As modern energy production techniques move away from monolithic, fossil-fuel-driven generation facilities, heuristics for the development and maintenance of distributed renewable energy systems must be developed; furthermore, antiquated heuristics undervalue renewable energy and ignore externalities.
The objective of this project was to facilitate the advancement of new decision-making paradigms by incorporating sustainable energy sources into distribution-level simulation software. Specifically, this report describes the development and implementation of wind-turbine add-ons to an open-source distribution-network simulation and analysis tool called Gridlab-D. The additions include single- and multiple-turbine simulation objects that estimate power generation based on climate data (an existing part of the simulation tool) and user-defined turbine parameters.

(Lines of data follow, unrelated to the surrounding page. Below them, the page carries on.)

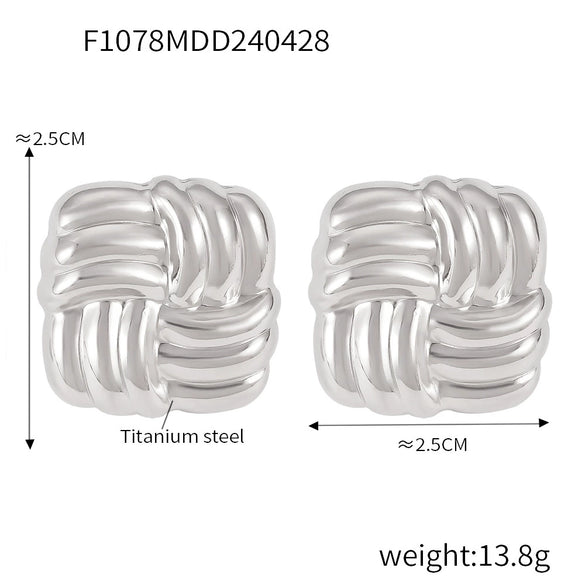 Jewelry 316L Stainless Steel Geometric Line Weaving Ushaped Electroplating Earrings For Women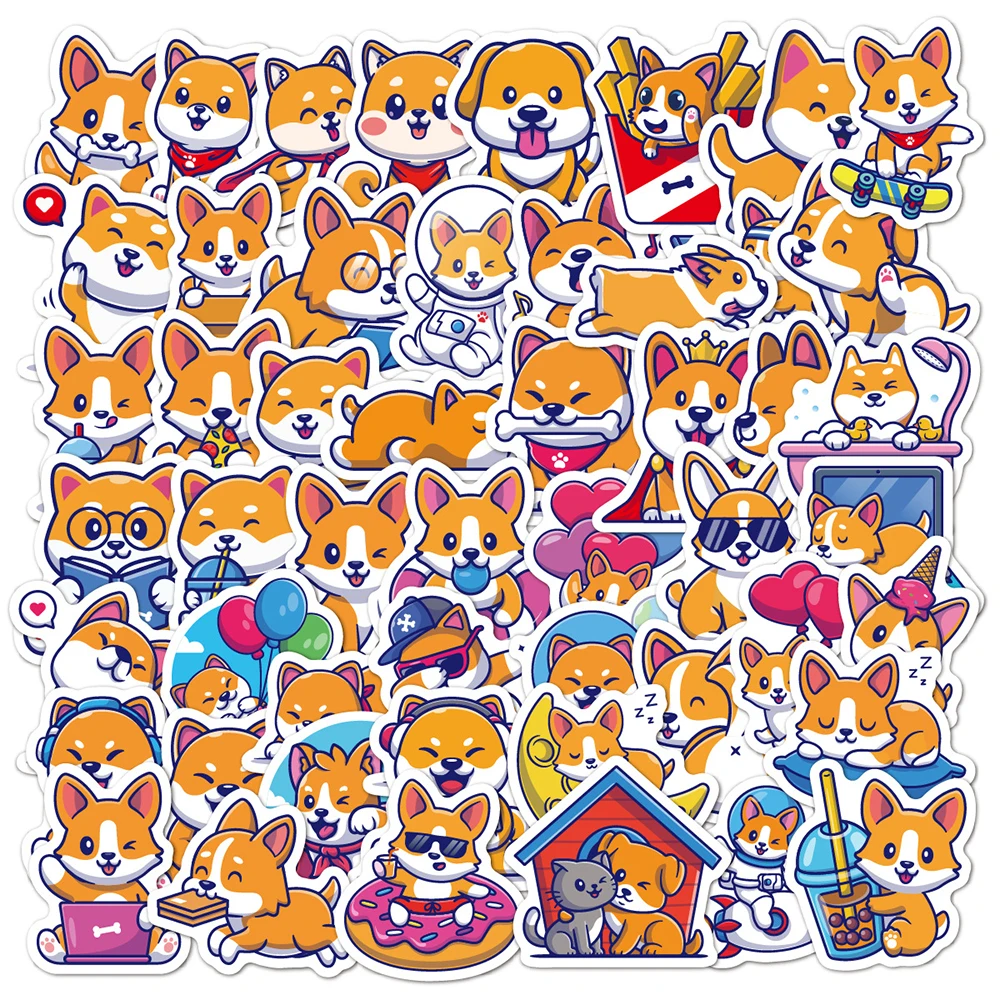 

10/30/50PCS Cute Corgi Dog Animal Graffiti Stickers Cartoon Decals Kids Toy Diary Suitcase Scrapbook Phone Laptop Bike Sticker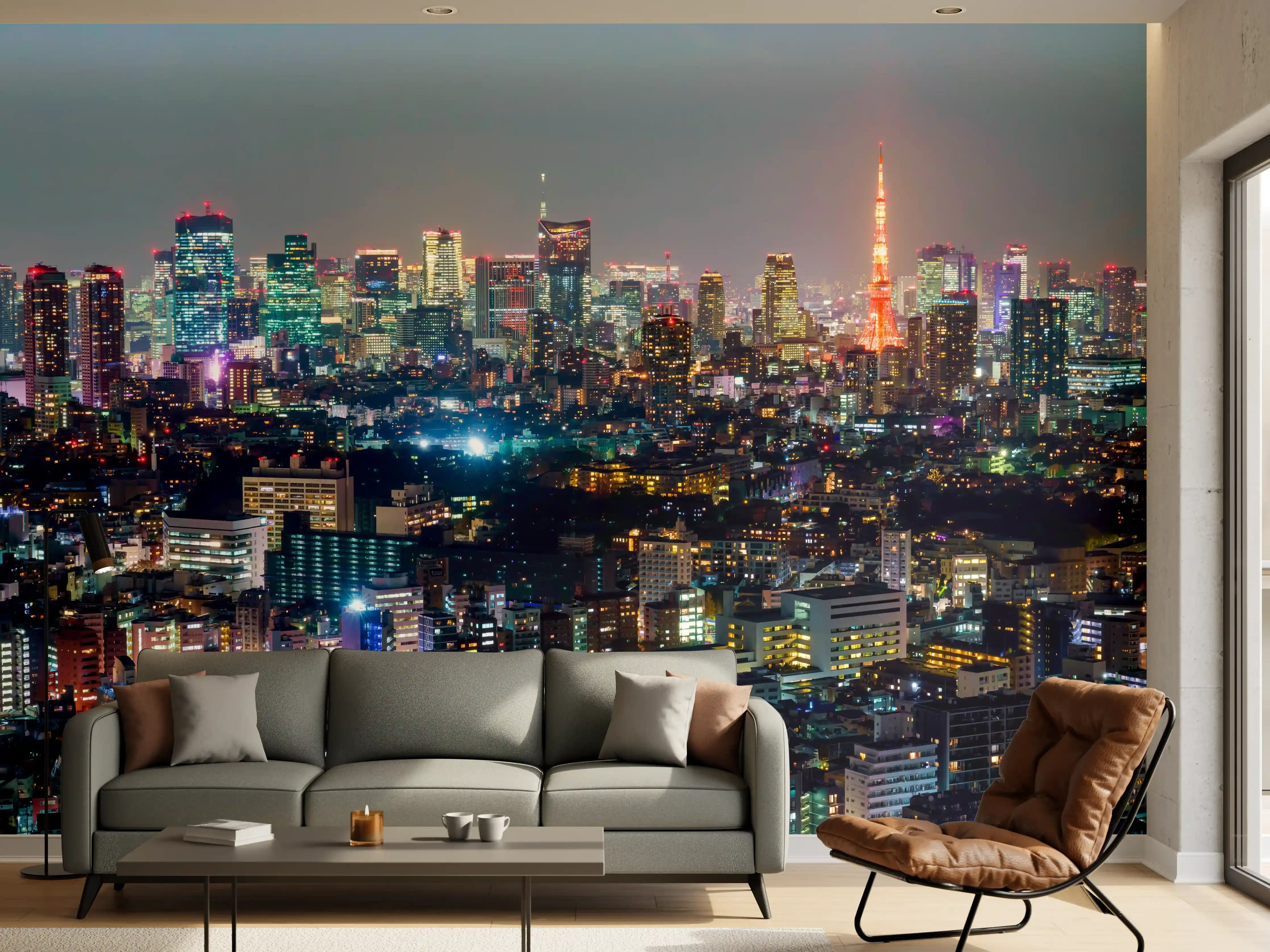 Wandverkleidung Wohnzimmer - Blick über die nächtliche Stadt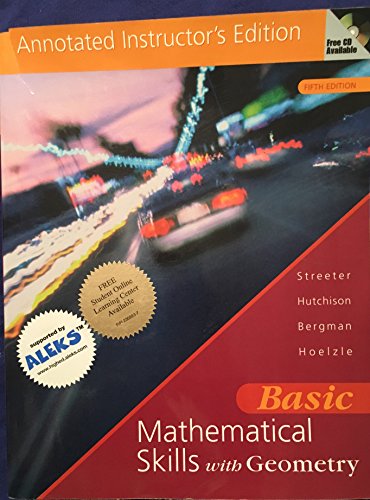 Beispielbild fr Basic Mathematical Skills with Geometry - Annotated Instructor's Edition zum Verkauf von More Than Words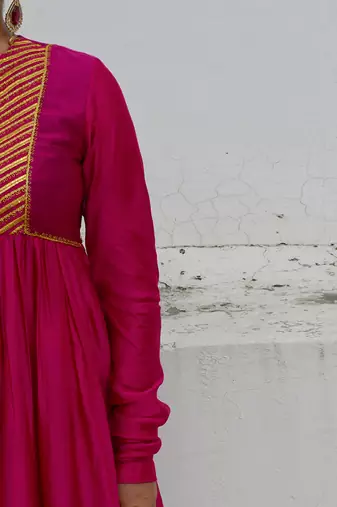 Fuschia kyra anarkali set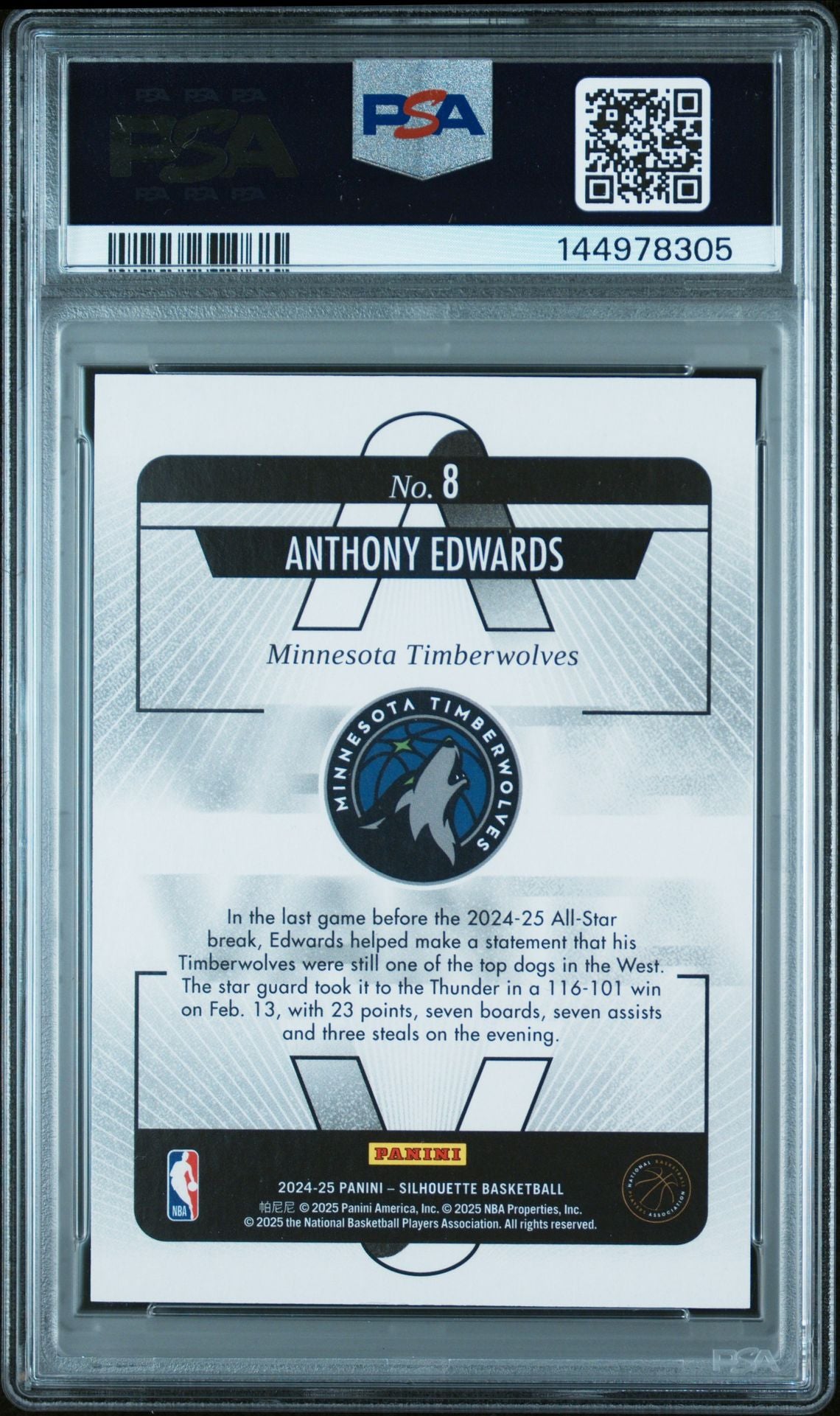 Anthony Edwards PSA 9 2024 Panini Silhouettes Vanta #8 back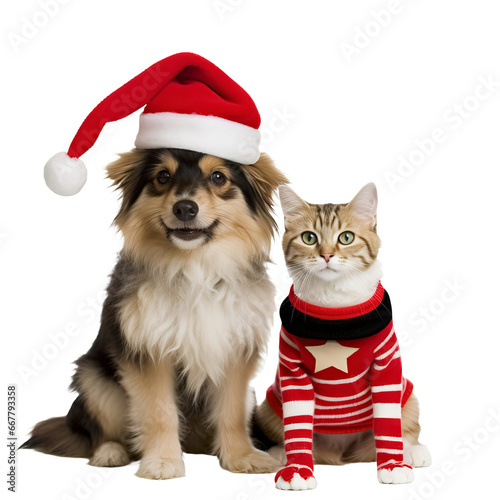 happy dog and cat isolated on transparent background wearing a christmas hat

The resulting software was verified by comparing the expected and observed power output for each turbine model. These values were calculated externally in MATLAB and then compared with the output of Gridlab-D for the same weather information. Retrospective software validation was carried out by using real-world turbine data from NREL, Weaver Wind, and Middelgrundens Wind Turbine Cooperative to generate model parameters. The resulting parameters were plugged into Gridlab-D (compiled with the new models) along with observed wind data, and then the simulated output was compared to the observed wind power output. Further work in this area could entail reproducing existing wind integration studies on the Gridlab-D platform. This would allow researchers to directly compare studies that were originally carried out in disparate simulation environments.